The big chains have an advantage—deep pockets, allowing them to lease prime space—whereas the smaller cafés are often hidden away. Though web-based independent café directories like Delocator and Cosy Coffee Shops are helping to level the playing field.

Interestingly enough, Australia seems to have become a standard for coffee quality. I've seen two places so far which advertised that they employed "Australian-trained baristas".

(via alecm) cafés coffee culture starbucks uk 7

2006/12/7

Last.fm is currently temporarily down, and displaying a grey page with text, in various languages, informing the user of this fact.
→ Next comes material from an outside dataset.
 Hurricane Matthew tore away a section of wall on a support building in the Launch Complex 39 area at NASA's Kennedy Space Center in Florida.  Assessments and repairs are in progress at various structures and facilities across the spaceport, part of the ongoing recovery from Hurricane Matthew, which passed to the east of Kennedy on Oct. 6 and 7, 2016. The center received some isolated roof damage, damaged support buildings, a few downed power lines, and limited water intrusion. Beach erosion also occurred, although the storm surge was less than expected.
Interestingly enough, the English message reads:

We're sorry, but our database servers are currently overloaded. Please enjoy a quick cup of tea and then try refreshing this page.
whereas the Italian one reads:
Siamo spiacenti ma i nostri server sono momentaneamente sovraccaricati. Gustatevi un caffè veloce e provate ad aggiornare questa pagina.
Which, literally, invites the user to have a cup of coffee (which, when one thinks about it, is more culturally appropriate than literally translating it to a cup of tea).

The Portuguese translation seems to also mention coffee, though the French, German and Polish ones seem to stick with tea; the Spanish one doesn't seem to mention any beverage. I don't know what the Russian, Japanese or others say.
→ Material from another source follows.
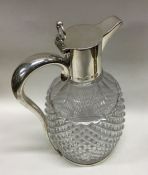 A heavy Victorian silver and glass claret jug. (Cr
Which gives a concise tea-vs.-coffee map of European cultures. And it made me wonder whether, were it written in Australian English, it would refer to coffee rather than tea. And what about American English? Perhaps "please enjoy a Mega-Grande Lattucino™" or something?

beverages coffee idioms language last.fm tea translation 5

2006/7/6

You can do a lot of things with a Commodore 64. Some people make music with them. Meanwhile, in the mid-1980s, the Italians adapted this versatile workhorse of a computer to the task of making a cup of coffee:

From what I gather, the Commocoffee 64 was basically a coffee maker without a built-in timer, which could be plugged into the cartridge port of a C64, using the machine to do the timing. Which, of course, is not the most efficient use of a then expensive computer which could only do one thing at once, though that was probably not the point.

(via Boing Boing) chindogu coffee commodore 64 3

2004/12/18

A British designer has created a coffee mug with a shelf for storing biscuits. The Dunk Mug, sensibly enough, comes in left- and right-handed variants. (via bOING bOING)

biscuits coffee cool design 0

2003/9/2

Vigorous competition in the global coffee-bean market has forced growers to find more ways of slashing costs and meeting ever-tighter margins. Some coffee growers in Brazil have found a way of running more efficiently: using slave labour. This typically involved "hiring" poor labourers in one part of the country, shipping them to another part and then neglecting to pay them; not having any money to get home, the labourers would have no choice but to work. Too bad for the growers that the meddling government decided to squash this sterling example of free-market ingenuity.

(Apparently coffee prices these days are unnaturally low, so non-slave-labour using plantations cannot compete on the market and end up going out of business. Not to worry; once all the plantations that are unfit to compete in this market go under and are bought out by an oligopoly of a few gigantic De Beers-like coffee multinationals, prices will go up to more sustainable levels and beyond. The wisdom of the free market corrects all mistakes.)

brazil coffee slavery 2

2001/12/28

Soon, batteries may be made of used coffee grounds; researchers at Sony have discovered a way of using the waste grounds as raw materials for battery manufacturing. This will help to reuse waste, and also cut the manufacturing cost of batteries by up to 10%.